It was held that the acknowledgment in question there came under the third category. The following observations at page 1059 also may be pointed out:
The judgment in the Divisional Judges Court is also against the acknowledgment. The only reason given is that it would require a considerable stretch of imagination to place upon it a meaning that there was a right to have the account taken thereby implying a promise to pay. It has not, however, been argued that there was a promise to pay in any event. But the learned Judge does not seem to have considered the meaning which appears to Their Lordships to be the natural one, that the words import an admission of liability if the balance should prove to be against the respondent coupled with the fulfilment of that condition a statement of things which in all reason and sound sense places the acknowledgment upon the same footing as an acknowledgment unconditional in the first instance from which in English Law a promise to pay has always been inferred. The India Limitation Act, S.19, however, says nothing about a promise to pay and requires only a definite admission of liability as to which there can be no reason for departing from the English principle that an unqualified admission and an admission qualified by a condition which is fulfilled stand upon the same footing.

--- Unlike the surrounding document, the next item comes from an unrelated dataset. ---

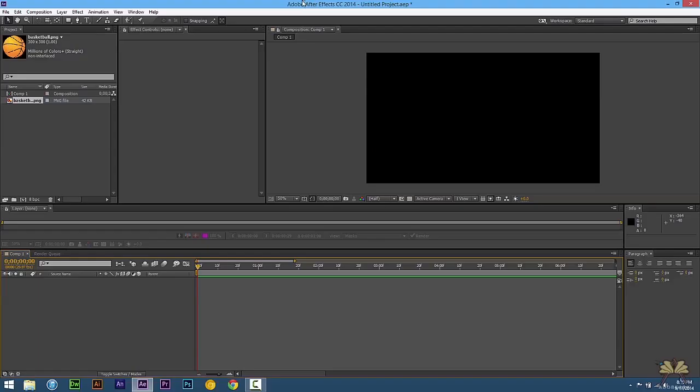What's going on guys? Welcome to another tutorial on Adobe After Effects CC. In this video I'm going to show you how to create a bouncing basketball.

The principles laid down in the aforesaid decision have been followed in Subbraramiah v. Iragam Reddy ( AIR 1939 Mad. 300 ), Diwanni Widyawati v. Ranjidas & Co. (AIR 1939 Lahore 216) and other decisions. In the present case also the statements made by the defendant in the Debt Relief Proceedings amount only to an acknowledgment of liability for any amount ultimately found due on settlement of accounts as per the provisions of the said Act. When an order has been passed in the Debt Relief Proceedings settling the debt it is clear that the acknowledgment relied on is enough to save the bar of limitation as regards that settled amount. The argument advanced on behalf of the appellant that here it is not the case of a single debt as it arises out of a chitty transaction and hence the acknowledgment relied upon cannot be taken as the one with regard to the whole of the unsettled liability is without any force. The decisions relied upon by the learned counsel for the defendant cannot help him in view of the decision in 33 Calcutta 1047. Thus here there is a valid acknowledgment as contemplated under S.19 of the Limitation Act and further there had been payments towards the unsettled debt which also go to save the bar of limitation. So there is no ground to interfere with the lower appellate courts findings.